Will you give every entry again exactly as it stands?

Exercise inputs START

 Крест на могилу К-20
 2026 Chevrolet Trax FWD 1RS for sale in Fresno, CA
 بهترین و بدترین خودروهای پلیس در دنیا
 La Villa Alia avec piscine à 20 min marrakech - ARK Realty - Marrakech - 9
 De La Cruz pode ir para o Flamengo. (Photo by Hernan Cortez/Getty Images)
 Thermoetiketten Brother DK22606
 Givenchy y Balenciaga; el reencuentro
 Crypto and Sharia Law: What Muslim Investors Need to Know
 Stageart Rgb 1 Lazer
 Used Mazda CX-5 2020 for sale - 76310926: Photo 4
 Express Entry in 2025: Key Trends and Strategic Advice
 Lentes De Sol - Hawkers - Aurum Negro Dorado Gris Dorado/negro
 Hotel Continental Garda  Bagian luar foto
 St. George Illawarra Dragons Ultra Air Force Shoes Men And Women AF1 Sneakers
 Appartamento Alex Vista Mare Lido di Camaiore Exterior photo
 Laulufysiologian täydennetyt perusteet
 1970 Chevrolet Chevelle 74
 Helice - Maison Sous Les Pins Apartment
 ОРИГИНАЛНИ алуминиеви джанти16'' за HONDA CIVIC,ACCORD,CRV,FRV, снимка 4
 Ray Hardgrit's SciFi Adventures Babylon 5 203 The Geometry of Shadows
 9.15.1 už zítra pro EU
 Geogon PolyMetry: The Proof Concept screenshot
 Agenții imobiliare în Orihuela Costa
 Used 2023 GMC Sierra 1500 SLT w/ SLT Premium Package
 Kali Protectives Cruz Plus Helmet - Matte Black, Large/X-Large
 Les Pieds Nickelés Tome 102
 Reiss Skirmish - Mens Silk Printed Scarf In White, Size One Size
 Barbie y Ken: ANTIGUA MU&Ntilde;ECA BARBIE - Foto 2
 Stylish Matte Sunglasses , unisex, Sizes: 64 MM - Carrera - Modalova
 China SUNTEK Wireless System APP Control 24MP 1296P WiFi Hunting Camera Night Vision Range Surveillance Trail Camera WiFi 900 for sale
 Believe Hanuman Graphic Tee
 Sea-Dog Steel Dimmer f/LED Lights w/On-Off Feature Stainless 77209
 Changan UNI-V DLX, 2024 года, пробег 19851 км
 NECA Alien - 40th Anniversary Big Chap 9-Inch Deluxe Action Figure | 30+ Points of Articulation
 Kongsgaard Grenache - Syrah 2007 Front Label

Exercise inputs END

> Your solution:
 Крест на могилу К-20
 2026 Chevrolet Trax FWD 1RS for sale in Fresno, CA
 بهترین و بدترین خودروهای پلیس در دنیا
 La Villa Alia avec piscine à 20 min marrakech - ARK Realty - Marrakech - 9
 De La Cruz pode ir para o Flamengo. (Photo by Hernan Cortez/Getty Images)
 Thermoetiketten Brother DK22606
 Givenchy y Balenciaga; el reencuentro
 Crypto and Sharia Law: What Muslim Investors Need to Know
 Stageart Rgb 1 Lazer
 Used Mazda CX-5 2020 for sale - 76310926: Photo 4
 Express Entry in 2025: Key Trends and Strategic Advice
 Lentes De Sol - Hawkers - Aurum Negro Dorado Gris Dorado/negro
 Hotel Continental Garda  Bagian luar foto
 St. George Illawarra Dragons Ultra Air Force Shoes Men And Women AF1 Sneakers
 Appartamento Alex Vista Mare Lido di Camaiore Exterior photo
 Laulufysiologian täydennetyt perusteet
 1970 Chevrolet Chevelle 74
 Helice - Maison Sous Les Pins Apartment
 ОРИГИНАЛНИ алуминиеви джанти16'' за HONDA CIVIC,ACCORD,CRV,FRV, снимка 4
 Ray Hardgrit's SciFi Adventures Babylon 5 203 The Geometry of Shadows
 9.15.1 už zítra pro EU
 Geogon PolyMetry: The Proof Concept screenshot
 Agenții imobiliare în Orihuela Costa
 Used 2023 GMC Sierra 1500 SLT w/ SLT Premium Package
 Kali Protectives Cruz Plus Helmet - Matte Black, Large/X-Large
 Les Pieds Nickelés Tome 102
 Reiss Skirmish - Mens Silk Printed Scarf In White, Size One Size
 Barbie y Ken: ANTIGUA MU&Ntilde;ECA BARBIE - Foto 2
 Stylish Matte Sunglasses , unisex, Sizes: 64 MM - Carrera - Modalova
 China SUNTEK Wireless System APP Control 24MP 1296P WiFi Hunting Camera Night Vision Range Surveillance Trail Camera WiFi 900 for sale
 Believe Hanuman Graphic Tee
 Sea-Dog Steel Dimmer f/LED Lights w/On-Off Feature Stainless 77209
 Changan UNI-V DLX, 2024 года, пробег 19851 км
 NECA Alien - 40th Anniversary Big Chap 9-Inch Deluxe Action Figure | 30+ Points of Articulation
 Kongsgaard Grenache - Syrah 2007 Front Label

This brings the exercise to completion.